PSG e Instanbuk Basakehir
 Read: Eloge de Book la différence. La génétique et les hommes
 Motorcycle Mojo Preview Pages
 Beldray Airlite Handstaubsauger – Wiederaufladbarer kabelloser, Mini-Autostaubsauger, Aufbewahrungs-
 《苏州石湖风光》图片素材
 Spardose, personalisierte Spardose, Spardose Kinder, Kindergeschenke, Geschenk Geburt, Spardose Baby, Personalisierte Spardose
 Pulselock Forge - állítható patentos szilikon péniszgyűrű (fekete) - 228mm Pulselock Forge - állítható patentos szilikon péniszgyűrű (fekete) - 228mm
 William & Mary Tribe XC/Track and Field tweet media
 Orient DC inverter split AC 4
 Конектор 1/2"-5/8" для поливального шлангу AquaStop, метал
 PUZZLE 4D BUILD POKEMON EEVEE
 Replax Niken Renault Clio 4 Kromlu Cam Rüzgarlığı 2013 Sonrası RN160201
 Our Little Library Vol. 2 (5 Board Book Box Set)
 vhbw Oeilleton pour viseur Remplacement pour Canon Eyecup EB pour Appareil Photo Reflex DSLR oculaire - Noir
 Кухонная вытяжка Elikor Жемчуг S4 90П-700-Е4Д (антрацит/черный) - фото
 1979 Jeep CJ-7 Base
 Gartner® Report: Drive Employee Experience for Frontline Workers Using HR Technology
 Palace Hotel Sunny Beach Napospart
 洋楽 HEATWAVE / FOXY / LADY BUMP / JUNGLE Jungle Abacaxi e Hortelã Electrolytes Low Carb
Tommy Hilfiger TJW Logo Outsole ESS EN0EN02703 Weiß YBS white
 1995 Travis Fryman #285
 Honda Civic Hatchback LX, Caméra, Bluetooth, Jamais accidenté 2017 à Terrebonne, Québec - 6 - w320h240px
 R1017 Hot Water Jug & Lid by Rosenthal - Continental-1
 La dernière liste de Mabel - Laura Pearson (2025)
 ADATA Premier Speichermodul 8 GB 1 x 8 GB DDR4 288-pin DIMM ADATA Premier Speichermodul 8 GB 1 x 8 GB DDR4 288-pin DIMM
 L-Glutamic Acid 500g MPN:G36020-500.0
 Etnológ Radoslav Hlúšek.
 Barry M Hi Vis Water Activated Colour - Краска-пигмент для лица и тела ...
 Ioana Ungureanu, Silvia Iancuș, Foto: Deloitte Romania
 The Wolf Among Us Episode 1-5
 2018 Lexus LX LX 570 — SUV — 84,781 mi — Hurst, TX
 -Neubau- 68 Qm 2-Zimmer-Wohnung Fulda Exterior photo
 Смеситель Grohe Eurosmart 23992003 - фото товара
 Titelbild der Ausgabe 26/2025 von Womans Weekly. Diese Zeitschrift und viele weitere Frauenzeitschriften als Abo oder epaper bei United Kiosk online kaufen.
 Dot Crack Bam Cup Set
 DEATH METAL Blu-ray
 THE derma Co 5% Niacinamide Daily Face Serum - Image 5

—————

- WHAT IS NEEDED -
When you output the entries, keep every line exactly as it appears above.

- ANSWER SPACE -
PSG e Instanbuk Basakehir
 Read: Eloge de Book la différence. La génétique et les hommes
 Motorcycle Mojo Preview Pages
 Beldray Airlite Handstaubsauger – Wiederaufladbarer kabelloser, Mini-Autostaubsauger, Aufbewahrungs-
 《苏州石湖风光》图片素材
 Spardose, personalisierte Spardose, Spardose Kinder, Kindergeschenke, Geschenk Geburt, Spardose Baby, Personalisierte Spardose
 Pulselock Forge - állítható patentos szilikon péniszgyűrű (fekete) - 228mm Pulselock Forge - állítható patentos szilikon péniszgyűrű (fekete) - 228mm
 William & Mary Tribe XC/Track and Field tweet media
 Orient DC inverter split AC 4
 Конектор 1/2"-5/8" для поливального шлангу AquaStop, метал
 PUZZLE 4D BUILD POKEMON EEVEE
 Replax Niken Renault Clio 4 Kromlu Cam Rüzgarlığı 2013 Sonrası RN160201
 Our Little Library Vol. 2 (5 Board Book Box Set)
 vhbw Oeilleton pour viseur Remplacement pour Canon Eyecup EB pour Appareil Photo Reflex DSLR oculaire - Noir
 Кухонная вытяжка Elikor Жемчуг S4 90П-700-Е4Д (антрацит/черный) - фото
 1979 Jeep CJ-7 Base
 Gartner® Report: Drive Employee Experience for Frontline Workers Using HR Technology
 Palace Hotel Sunny Beach Napospart
 洋楽 HEATWAVE / FOXY / LADY BUMP / JUNGLE Jungle Abacaxi e Hortelã Electrolytes Low Carb
Tommy Hilfiger TJW Logo Outsole ESS EN0EN02703 Weiß YBS white
 1995 Travis Fryman #285
 Honda Civic Hatchback LX, Caméra, Bluetooth, Jamais accidenté 2017 à Terrebonne, Québec - 6 - w320h240px
 R1017 Hot Water Jug & Lid by Rosenthal - Continental-1
 La dernière liste de Mabel - Laura Pearson (2025)
 ADATA Premier Speichermodul 8 GB 1 x 8 GB DDR4 288-pin DIMM ADATA Premier Speichermodul 8 GB 1 x 8 GB DDR4 288-pin DIMM
 L-Glutamic Acid 500g MPN:G36020-500.0
 Etnológ Radoslav Hlúšek.
 Barry M Hi Vis Water Activated Colour - Краска-пигмент для лица и тела ...
 Ioana Ungureanu, Silvia Iancuș, Foto: Deloitte Romania
 The Wolf Among Us Episode 1-5
 2018 Lexus LX LX 570 — SUV — 84,781 mi — Hurst, TX
 -Neubau- 68 Qm 2-Zimmer-Wohnung Fulda Exterior photo
 Смеситель Grohe Eurosmart 23992003 - фото товара
 Titelbild der Ausgabe 26/2025 von Womans Weekly. Diese Zeitschrift und viele weitere Frauenzeitschriften als Abo oder epaper bei United Kiosk online kaufen.
 Dot Crack Bam Cup Set
 DEATH METAL Blu-ray
 THE derma Co 5% Niacinamide Daily Face Serum - Image 5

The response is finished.